The Supreme Court of Iowa ordered a new trial in a wrongful-death action arising from a fatal fall from an apartment balcony. The case presented several issues on the applicability of the negligence per se doctrine to an alleged municipal housing code violation.

In 2011, Shannon Potts was drinking with friends in a Des Moines apartment building when she fell to her death from a second-floor balcony. Her parents, Kathryn Winger and Timothy Potts, sued the apartment complex, CM Holdings, LLC, for negligence and a Polk County jury awarded a $1.75 million judgment, reduced to $1,137,500 for comparative fault. The Plaintiffs alleged the balcony railing, which measured 32 inches in height, violated the local housing code. The balcony railing complied with the local housing code when the apartment complex was constructed in 1968, but current housing codes require a 42 inch railing. Before the fatal accident, a local housing inspector cited the landlord for its code violation. The landlord did not contest the finding, but asked for an extension of time to install higher railings. The housing authority granted a three-month extension.  Potts fell over the original railing three days later.

At trial, Plaintiffs argued the violation of the 42-inch guardrail requirement constituted negligence per se (negligence established by law, rather than by jury). CM Holdings argued negligence per se does not apply to a local ordinance. Additionally, CM Holdings argued the 32-inch guardrail was legal under the building code’s grandfather clause, which applied code changes only to structures built after or substantially altered after a code revision. The district court ruled the landlord was bound by the housing authority’s determination that 42-inch railings were required, and instructed the jury that the landlord’s violation of the housing code constituted negligence per se. The court limited the jury to deciding causation, comparative fault, and damages. The jury returned a verdict finding CM Holding’s negligence caused the plaintiffs’ damages.

In post-trial rulings, the district court found the doctrine of negligence per se did not apply to a local housing code and ordered a new trial. Both sides appealed. The court of appeals affirmed with three separate opinions. The Supreme Court granted the parties’ applications for further review.

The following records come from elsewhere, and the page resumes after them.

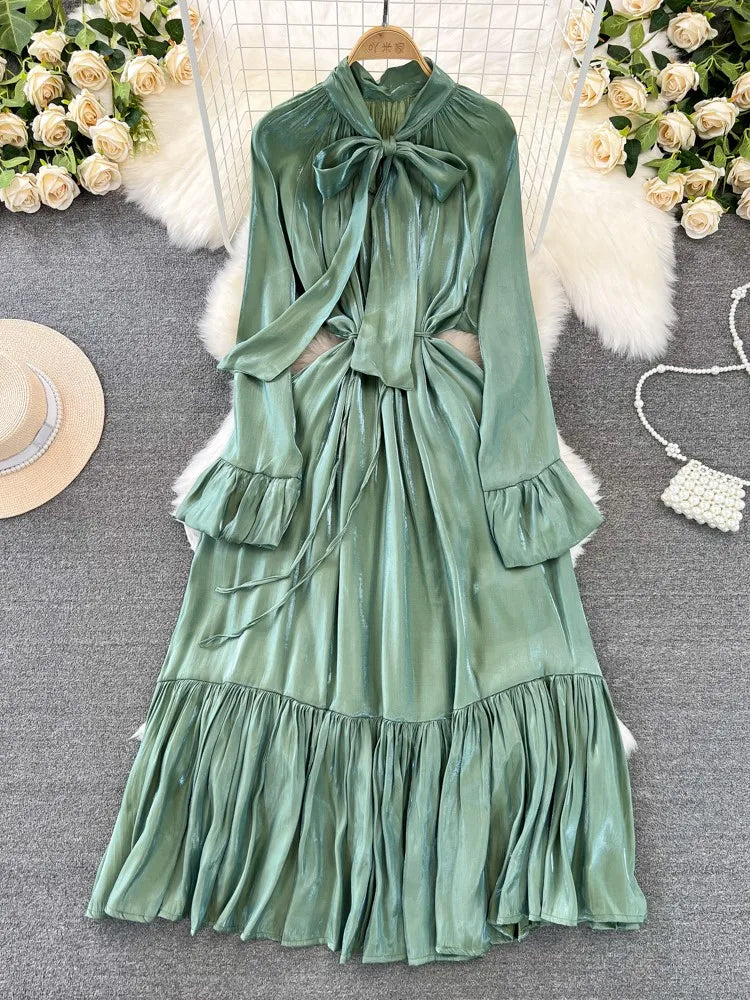 Elegant and Chic Solid Evening Dresses for Women Fashion New Bow Lace Up Flare Long Sleeve A-Line Vestidos Autumn Female Clothes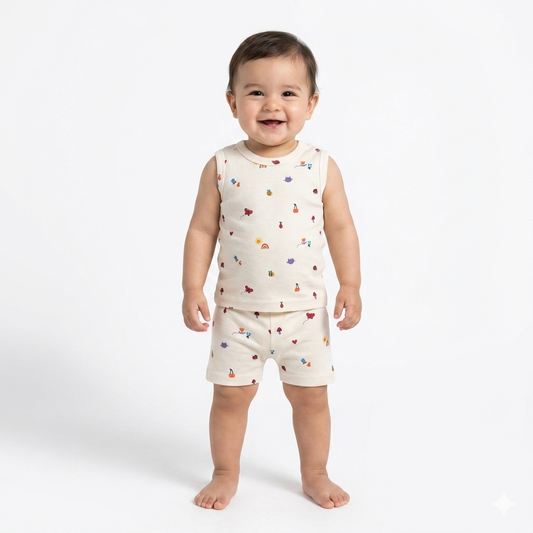 Multi Print sleeveless shorts cordset (1year to 2year)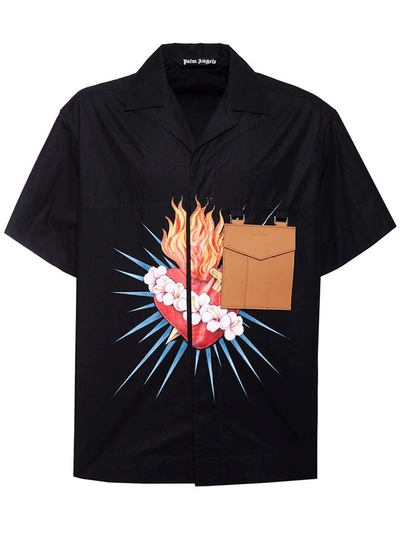 Shop Palm Angels Sacred Heart Shirt In Black
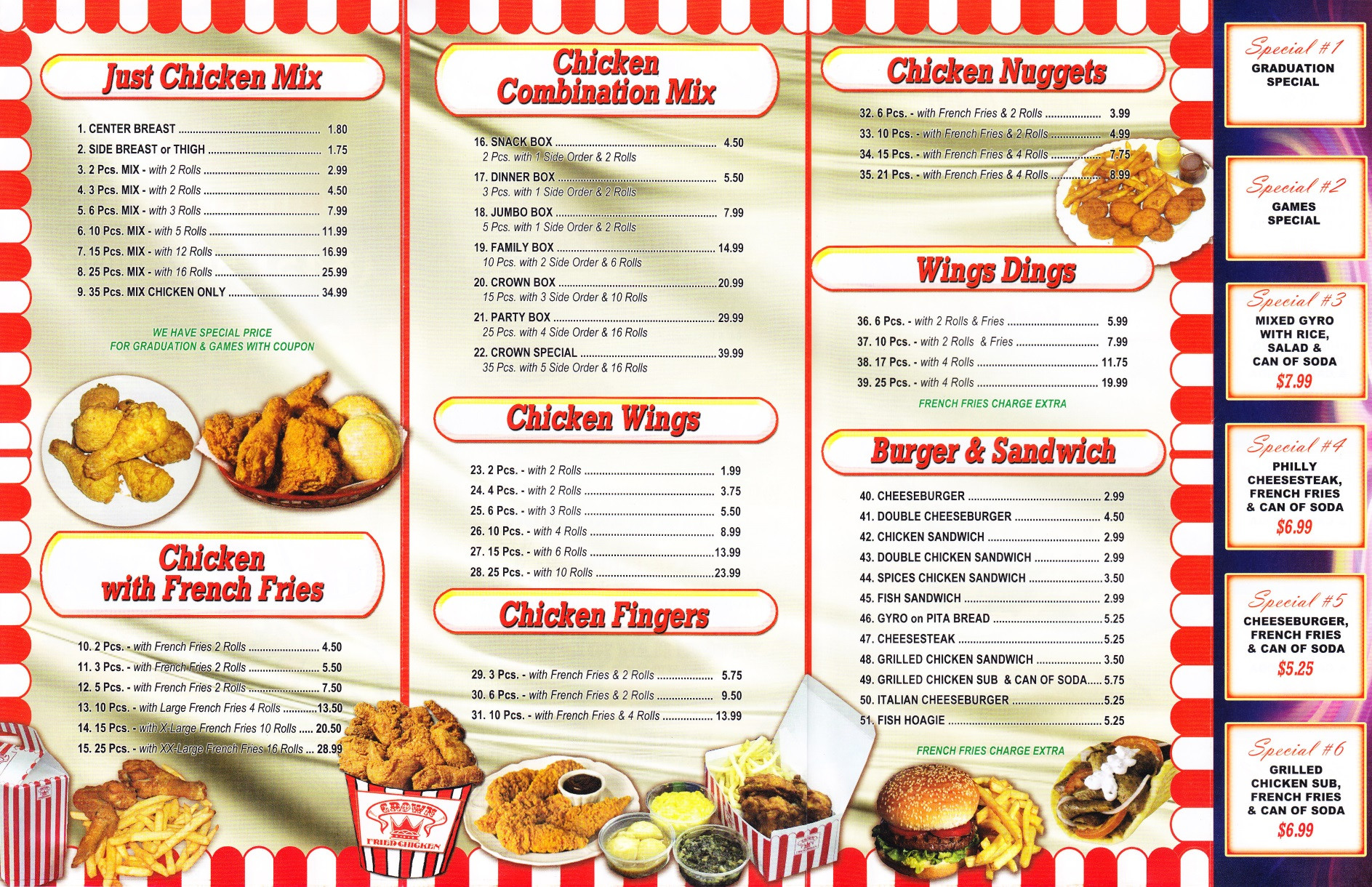 Crown Fried Chicken Menu
 Whereisthemenu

The Supreme Court, in a unanimous decision written by Justice Thomas Waterman, held the doctrine of negligence per se applies to the violation of a municipal housing code and is not limited to statewide laws. In so holding, the Court overruled its prior decision in Griglione v. Martin, 525 N.W.2d 810 (Iowa 1994), which held negligence per se applied only in cases involving statewide statute or rule, rather than one enacted by local authorities. The Court did not rule on whether the railing was covered by the grandfather clause. The Court remanded the case to Polk County District Court for a new trial to resolve that question.

Winger, et al. v. CM Holdings, L.L.C., No. 14-0199 (Iowa June 27, 2016).